La République a toujours craint les soldats. Sous la IIIe, les militaires de carrière n'avaient pas le droit de vote, qu'ils n'ont obtenu que le 17 août 1945, un an après les femmes.
Les officiers supérieurs, généraux, maréchaux, amiraux ont toujours suscité de la méfiance à gauche, parfois non sans raison. Le retour du général de Gaulle n'aurait pas été possible sans Massu et Salan.
C'est pourtant ce général à deux étoiles qui a rétabli la République et préservé la démocratie, fût-ce en réprimant sévèrement les officiers factieux, qui en l'occurrence ne prenaient pas des risques par ambition, mais parce qu'ils étaient animés par "une certaine idée de la France" et de son honneur. Quelles que soient les opinions à ce sujet, les forces armées manifestent depuis 1961 une discipline républicaine irréprochable.
Au-delà de cette hostilité traditionnelle de la gauche à l'encontre de l'armée, il y a le discours juridique qui justifie d'imposer aux soldats un devoir de réserve exigeant. Les responsables militaires détiennent des secrets. Leurs révélations peuvent exposer la sécurité du pays. C'est cette logique qui prétend légitimer les trois humiliations inacceptables subies ces derniers temps par de hauts gradés. Elles sont scandaleuses pour trois raisons. La première s'appuiera sur un principe éminemment républicain qui est celui de l'égalité. Pourquoi interdirait-on à un militaire d'être un citoyen égal aux autres ?
Beaucoup de militaires se sont engagés dans la défense de la famille traditionnelle contre le mariage unisexe, et ils ont eu raison. Pourquoi permettrait-on aux policiers, aux juges comme aux autres fonctionnaires d'être syndiqués, d'exprimer des revendications professionnelles, voire des avis sur la politique suivie alors que, dans le même temps, les militaires seraient condamnés à la soumission et au silence, fût-ce au détriment des missions qu'ils ont le devoir d’accomplir ?

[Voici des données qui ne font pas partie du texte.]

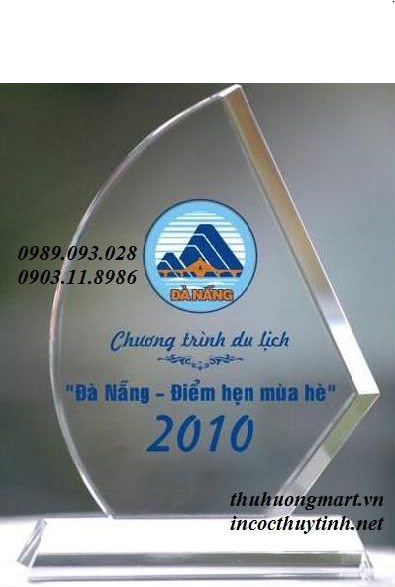 cúp thủy tinh cao cấp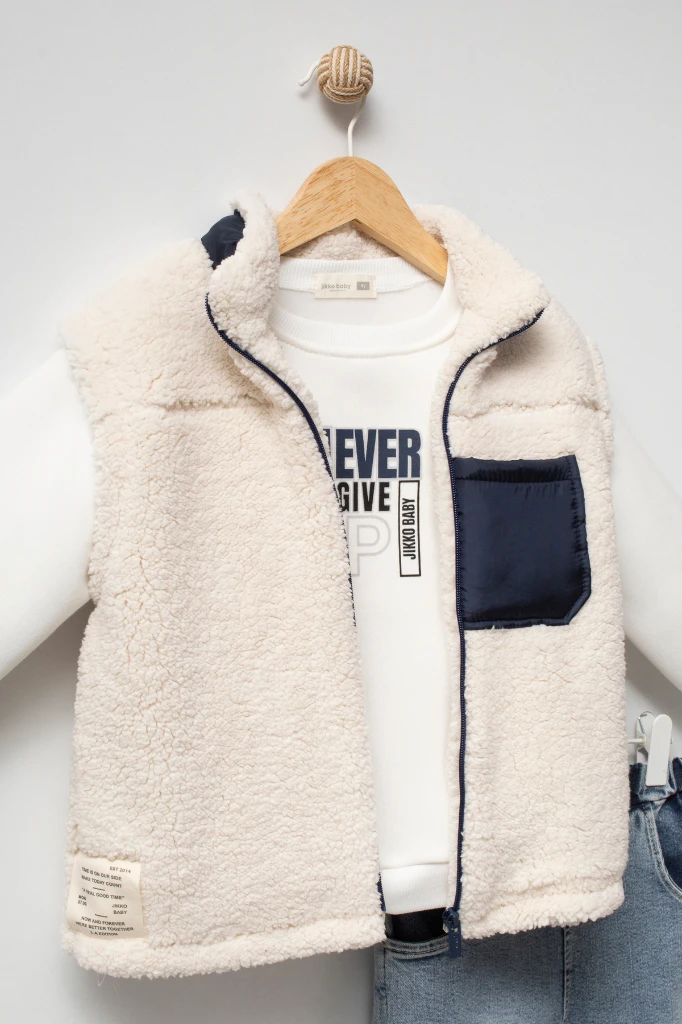 Erkek Çocuk Cep Detaylı Peluş Yelekli Baskılı Sweatshirt ve Kot Pantolon 3’lü Takım 8308 WNT - LACİVERT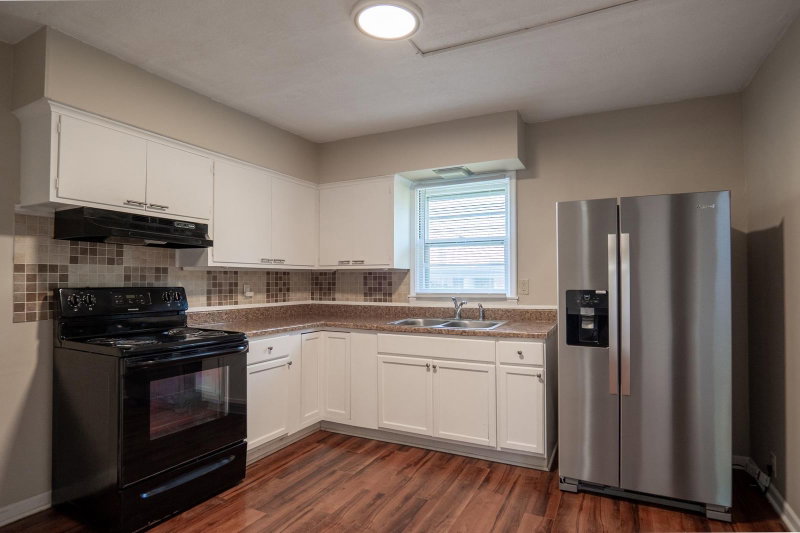 608 7th Avenue S - Photo 2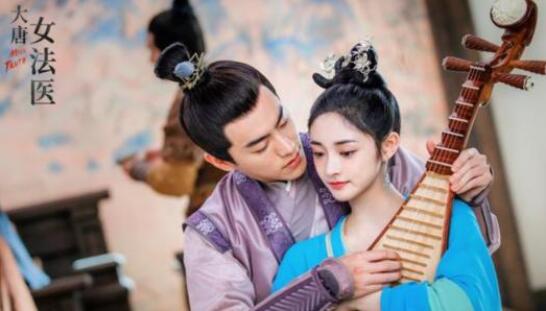 黄奕和赵薇什么关系 两个人的关系不简单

L'affront subi par le général Piquemal a été particulièrement ignoble. Après une carrière exceptionnelle, il n'était plus en activité lorsqu'il a manifesté à Calais contre une situation inacceptable pour notre pays. Il ne faisait là que son devoir : servir son pays. Arrêté et poursuivi sans ménagement, il a été relaxé par la Justice, mais condamné administrativement à la radiation et à l'interdiction de porter l'uniforme.
Comment accepter ici que le respect de la hiérarchie des normes permette, à des responsables qui n'ont guère donné les preuves de leurs talents au service du pays, de toucher à l'honneur et à la dignité de celui qui a consacré sa vie à la France ? C'est peut-être légal, mais c'est moralement abject.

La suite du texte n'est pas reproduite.